La primera imagen que me viene a la memoria es la de un fresco del Giotto, que decora una iglesia italiana que no puedo nombrar. Los colores son pálidos, amables, suaves como un amanecer; soldados con peto y jubón enarbolan espadas demasiado puntiagudas, abrecartas grises; en sus manos, apilados en el suelo, en los pechos de las madres que huyen despavoridas, los niños son seres irreales, muñecos de color pastel que parecen copiados de modelos de cartón o caucho, y que reciben las puñaladas con gestos inexpresivos, igual de aptos para ilustrar una caricia que la muerte. El hombre que ordenó aquella matanza del fresco y muchas otras repetidas hasta la saciedad en las carnicerías de los cuadros barrocos era un individuo repugnante, asociado desde nuestra infancia a la sangre y el crimen. Herodes de Antípatro, el idumeo, quería ser el Mesías, y en el temor de que alguien le arrebatara ese puesto privilegiado entre los hijos de Israel, ordenó pasar a cuchillo a todos los nacidos bajo el brillo de una estrella profética; así dio pie, según el testimonio de San Mateo, a la celebración del día de los Inocentes, en el que se rinde tributo a aquellas pobres criaturas que tan injustamente pagaron la codicia de un rey. Festejar, rememorar, dedicar una jornada a un suceso que engalana o injuria nuestro pasado es revivirlo eternamente, mantener sus rescoldos encendidos, impedir que crezcan las postillas para que la herida se mantenga perpetuamente abierta y sangre y palpite. Las fiestas las proclaman los mismos que escriben la Historia, y ya sabemos quiénes son esos: los que hicieron cautivos y desarmaron a los ejércitos enemigos o silenciaron la disidencia aplicando potros. La mala fama de Herodes olvida que se trató de uno de los más avezados estadistas de su época, que dotó a Judea de notables infraestructuras -mercados, teatros, acueductos, paseos, puertos-, que trató de restañar el aislamiento hebreo introduciendo la cultura helenística en sus fronteras y llenó de esplendor las ciudades de Cesarea y Samaria. Sin embargo, lo que de él recordamos hoy es que mató a un millar de niños de los que no nos habla ninguna fuente histórica.

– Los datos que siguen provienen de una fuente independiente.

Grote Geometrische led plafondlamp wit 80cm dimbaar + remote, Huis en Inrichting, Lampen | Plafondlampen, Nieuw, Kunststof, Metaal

Cada 28 de diciembre las criaturas mueren empaladas en el fresco de Giotto, Herodes vuelve a ser el ogro de nuestra infancia y se introduce en las pesadillas de los niños: no permitimos que ese capítulo del pasado se borre o sea enmendado. El 2 de enero, en Granada, se conmemora con la obligatoria parafernalia de paradas militares e izamiento de banderas la conquista por parte de los Reyes Católicos del último bastión musulmán de la península. La repetición de esa festividad, los fastos que se suceden un año y otro están reiterando alevosamente el pasado: Granada sigue siendo conquistada y los árabes expulsados y España es por fin una, grande y libre. Los antepasados nos obligan a celebrar las tradiciones de que se compone nuestra Historia, pero hay que estar alerta al estilo y la autoría de sus páginas. No parece adecuado festejar la desaparición de uno de los pueblos que más lustre y cultura ha traído a este país, como si fuese un invitado incómodo que por fin se ha levantado del sofá: ni España empieza en la reconquista ni Herodes se limitó a ensartar recién nacidos como corderos lechales.